Source information:
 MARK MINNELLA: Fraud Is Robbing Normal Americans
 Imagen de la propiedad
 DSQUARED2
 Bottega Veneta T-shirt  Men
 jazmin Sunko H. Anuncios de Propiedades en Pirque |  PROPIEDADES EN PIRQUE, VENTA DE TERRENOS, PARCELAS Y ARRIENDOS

---

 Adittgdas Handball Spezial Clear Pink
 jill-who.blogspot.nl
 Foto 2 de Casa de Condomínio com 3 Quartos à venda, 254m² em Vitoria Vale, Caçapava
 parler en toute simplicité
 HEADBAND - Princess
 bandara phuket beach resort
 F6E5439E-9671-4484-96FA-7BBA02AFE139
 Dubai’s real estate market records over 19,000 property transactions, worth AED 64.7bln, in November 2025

---

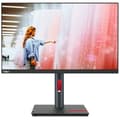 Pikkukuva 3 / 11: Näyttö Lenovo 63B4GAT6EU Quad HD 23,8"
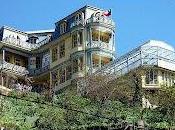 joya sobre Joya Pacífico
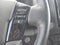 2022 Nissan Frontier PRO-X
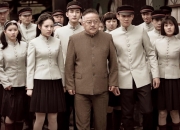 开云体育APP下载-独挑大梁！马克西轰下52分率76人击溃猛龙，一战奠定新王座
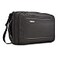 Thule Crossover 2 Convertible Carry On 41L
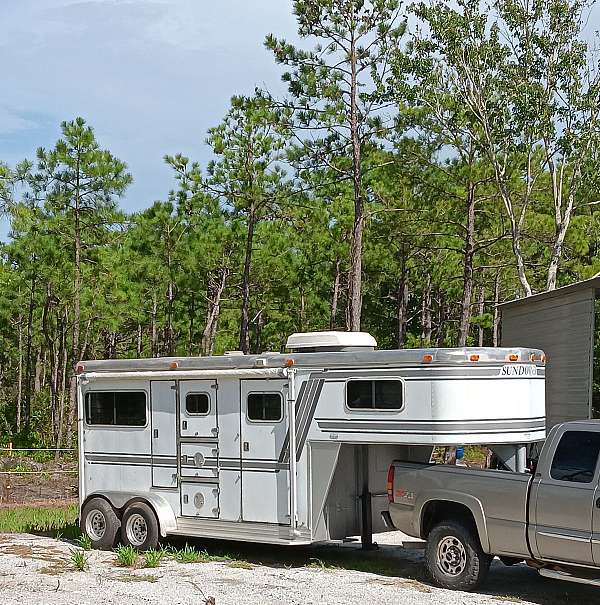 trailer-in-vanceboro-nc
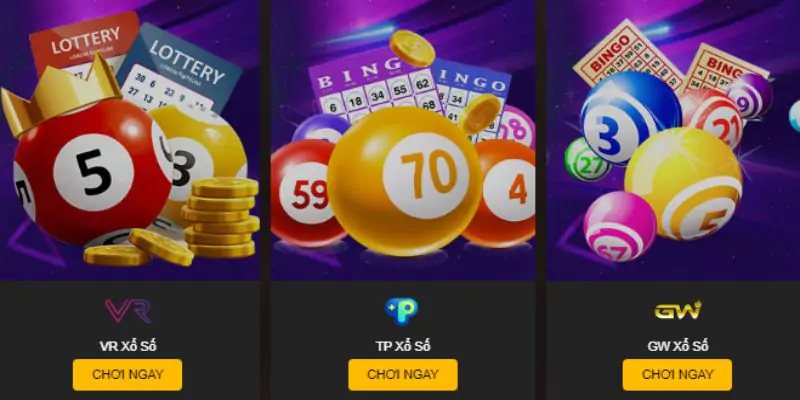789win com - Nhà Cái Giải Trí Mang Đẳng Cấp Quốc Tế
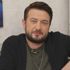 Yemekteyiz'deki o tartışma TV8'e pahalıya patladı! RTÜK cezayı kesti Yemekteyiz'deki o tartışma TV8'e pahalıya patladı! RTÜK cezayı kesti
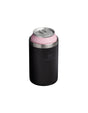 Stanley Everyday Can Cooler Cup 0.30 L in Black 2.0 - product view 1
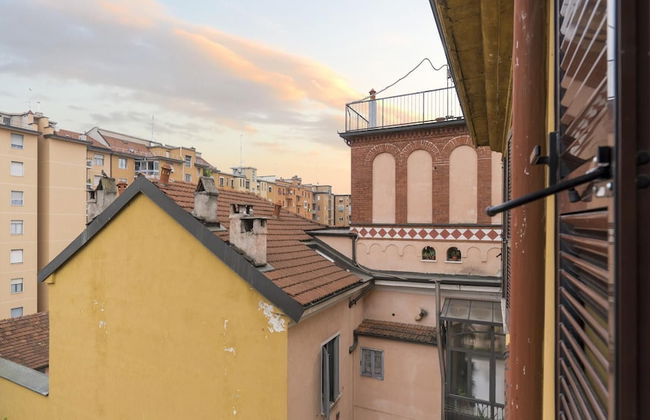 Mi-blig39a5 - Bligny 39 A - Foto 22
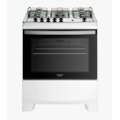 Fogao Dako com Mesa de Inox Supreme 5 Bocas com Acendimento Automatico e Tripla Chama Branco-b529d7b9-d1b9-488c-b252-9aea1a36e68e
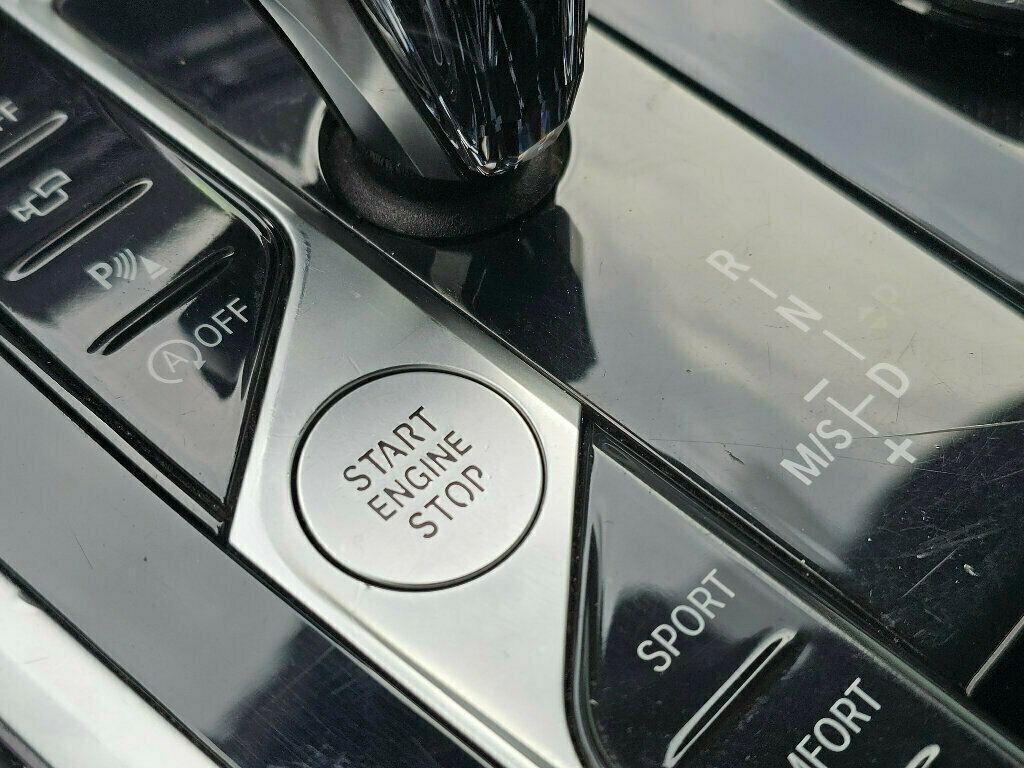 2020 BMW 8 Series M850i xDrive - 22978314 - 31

Exercise requirements:
An exact copy is needed. It runs from the line above containing "cezayı kesti Yemekteyiz'deki" down to the line containing "Mi-blig39a5 - Bligny 39 A - Foto 22", both included, with no pictures.

Response:
 Yemekteyiz'deki o tartışma TV8'e pahalıya patladı! RTÜK cezayı kesti Yemekteyiz'deki o tartışma TV8'e pahalıya patladı! RTÜK cezayı kesti
 Stanley Everyday Can Cooler Cup 0.30 L in Black 2.0 - product view 1
 Mi-blig39a5 - Bligny 39 A - Foto 22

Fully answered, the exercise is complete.